Filmmaker and pilot Dorian Walker produced the film with the organization Friends of Jenny, which was established several years ago to restore a Curtiss Jenny (see “Flying Miss Jenny,” AOPA Pilot July 2016).
“We have finished our film on America’s first warbird. Inspired by both the timeframe, our own DH–4 (which is filmed in it before its hard landing), and Peter Jackson’s They Shall Not Grow Old, we have attempted to take audiences back in time,” said Walker. “I’m a filmmaker and lifelong aviator. In the past decade I’ve been focusing on bringing the old birds back to life, both in film and on the flight line. We still fly the 1917 replica Curtiss Jenny, which was featured in our first film, Legends of the Sky: The Jenny in 2014.”
The story of America’s first warbird, the DH–4 Liberty Plane, was largely unknown, Walker said, yet so many innovations evolved from it. “The development and history of America’s first warbird is innovative, exciting, and heroic. Legends of the Sky: The Liberty Plane, brings this story to the screen.” It will air on PBS stations beginning October 15.

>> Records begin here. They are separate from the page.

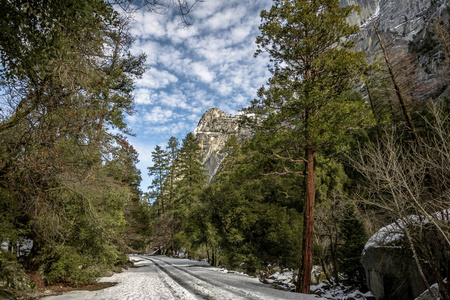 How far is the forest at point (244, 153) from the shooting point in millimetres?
3986

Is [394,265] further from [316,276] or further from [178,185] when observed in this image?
[178,185]

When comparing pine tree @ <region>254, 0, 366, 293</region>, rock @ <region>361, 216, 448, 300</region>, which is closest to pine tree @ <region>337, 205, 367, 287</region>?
rock @ <region>361, 216, 448, 300</region>

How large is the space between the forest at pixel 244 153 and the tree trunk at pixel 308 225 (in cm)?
4

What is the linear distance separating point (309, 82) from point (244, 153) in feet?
10.9

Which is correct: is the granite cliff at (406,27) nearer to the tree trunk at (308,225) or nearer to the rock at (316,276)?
the rock at (316,276)

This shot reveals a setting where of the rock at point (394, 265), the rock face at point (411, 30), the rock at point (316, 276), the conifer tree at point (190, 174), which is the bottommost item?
the rock at point (316, 276)

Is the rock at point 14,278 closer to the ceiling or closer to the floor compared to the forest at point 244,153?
closer to the floor

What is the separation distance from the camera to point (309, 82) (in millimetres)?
7496

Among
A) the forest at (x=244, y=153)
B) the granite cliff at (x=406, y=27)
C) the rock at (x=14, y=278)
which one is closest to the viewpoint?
the forest at (x=244, y=153)

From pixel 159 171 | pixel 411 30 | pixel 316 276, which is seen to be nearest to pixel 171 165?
pixel 159 171

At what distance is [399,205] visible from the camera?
18.6 ft

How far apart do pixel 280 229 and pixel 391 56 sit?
1446 centimetres

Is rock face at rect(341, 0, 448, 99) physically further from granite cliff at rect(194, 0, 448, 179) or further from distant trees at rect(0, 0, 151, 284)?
distant trees at rect(0, 0, 151, 284)

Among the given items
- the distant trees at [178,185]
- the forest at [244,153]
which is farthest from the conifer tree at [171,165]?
the forest at [244,153] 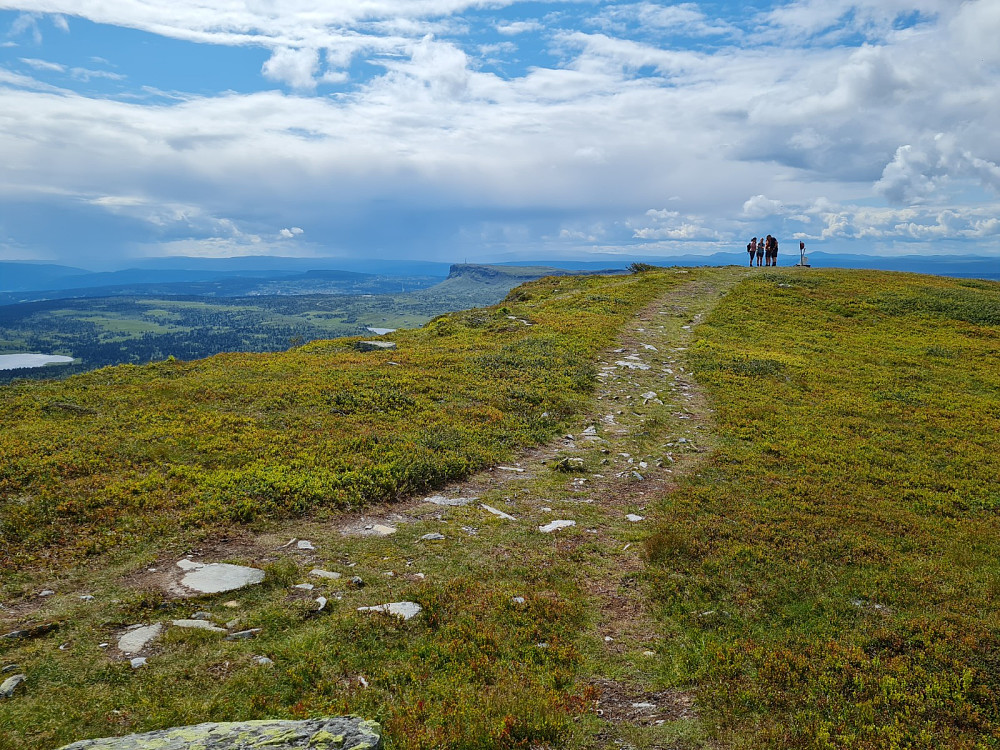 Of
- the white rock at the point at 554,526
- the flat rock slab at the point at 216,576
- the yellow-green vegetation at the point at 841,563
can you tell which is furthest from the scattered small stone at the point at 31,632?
the yellow-green vegetation at the point at 841,563

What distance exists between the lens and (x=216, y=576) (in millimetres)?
10094

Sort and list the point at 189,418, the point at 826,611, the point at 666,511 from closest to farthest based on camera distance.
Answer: the point at 826,611 → the point at 666,511 → the point at 189,418

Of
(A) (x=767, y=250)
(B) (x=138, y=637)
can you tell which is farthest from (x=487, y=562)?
(A) (x=767, y=250)

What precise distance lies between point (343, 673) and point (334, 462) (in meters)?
7.83

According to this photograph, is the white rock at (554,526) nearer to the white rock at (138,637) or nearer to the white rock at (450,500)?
the white rock at (450,500)

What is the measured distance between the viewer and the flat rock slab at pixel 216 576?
970 cm

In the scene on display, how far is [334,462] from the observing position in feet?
49.3

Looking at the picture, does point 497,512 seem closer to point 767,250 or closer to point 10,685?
point 10,685

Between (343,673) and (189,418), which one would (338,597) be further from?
(189,418)

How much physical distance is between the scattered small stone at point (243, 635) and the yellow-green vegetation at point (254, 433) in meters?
4.20

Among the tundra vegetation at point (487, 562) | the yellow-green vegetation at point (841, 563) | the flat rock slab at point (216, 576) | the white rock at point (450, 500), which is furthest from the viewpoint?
the white rock at point (450, 500)

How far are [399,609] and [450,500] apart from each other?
16.8ft

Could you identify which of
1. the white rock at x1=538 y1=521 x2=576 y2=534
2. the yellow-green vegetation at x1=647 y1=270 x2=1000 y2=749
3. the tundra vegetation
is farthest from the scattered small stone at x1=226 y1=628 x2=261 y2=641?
the yellow-green vegetation at x1=647 y1=270 x2=1000 y2=749

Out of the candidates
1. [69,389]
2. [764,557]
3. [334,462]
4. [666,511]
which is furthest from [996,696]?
[69,389] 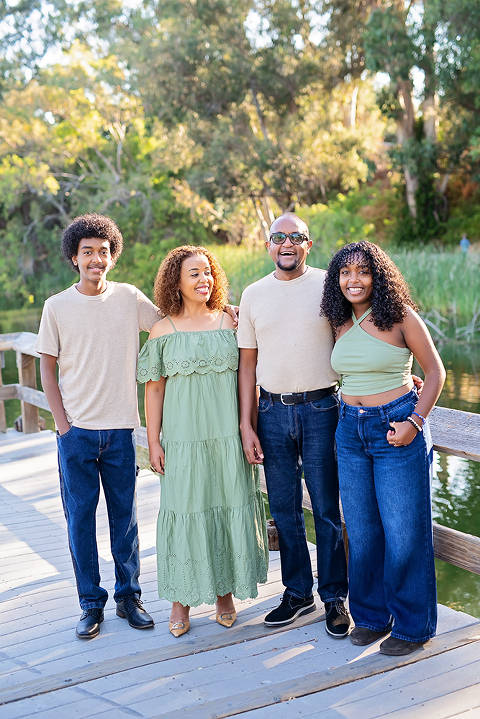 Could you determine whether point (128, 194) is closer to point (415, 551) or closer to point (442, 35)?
point (442, 35)

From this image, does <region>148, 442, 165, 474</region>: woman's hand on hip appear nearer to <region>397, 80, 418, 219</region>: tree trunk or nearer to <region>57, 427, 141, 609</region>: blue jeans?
<region>57, 427, 141, 609</region>: blue jeans

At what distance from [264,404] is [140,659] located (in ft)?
3.44

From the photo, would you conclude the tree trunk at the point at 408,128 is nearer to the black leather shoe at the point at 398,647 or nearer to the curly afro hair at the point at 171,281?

The DH–4 Liberty was the only American-built airplane to be flown into combat in World War I by American crews. Designed by British engineer Geoffrey de Havilland, the bomber first flew into combat with the British Royal Flying Corps in early 1917. When the United States joined the war in April, an example was sent to the U.S. to determine if it was suitable for American production. In less than a year, the U.S. adopted the airframe, and automakers designed and produced a massive V-12 engine to power the aircraft.
The American Aircraft Production Board approved the design for construction in July 1917, pairing it with the American-designed V-12 “Liberty” engine. Because of this, American DH–4 airplanes were known as “Liberty planes.” The first Liberty plane rolled out of a U.S. factory on October 29, 1917.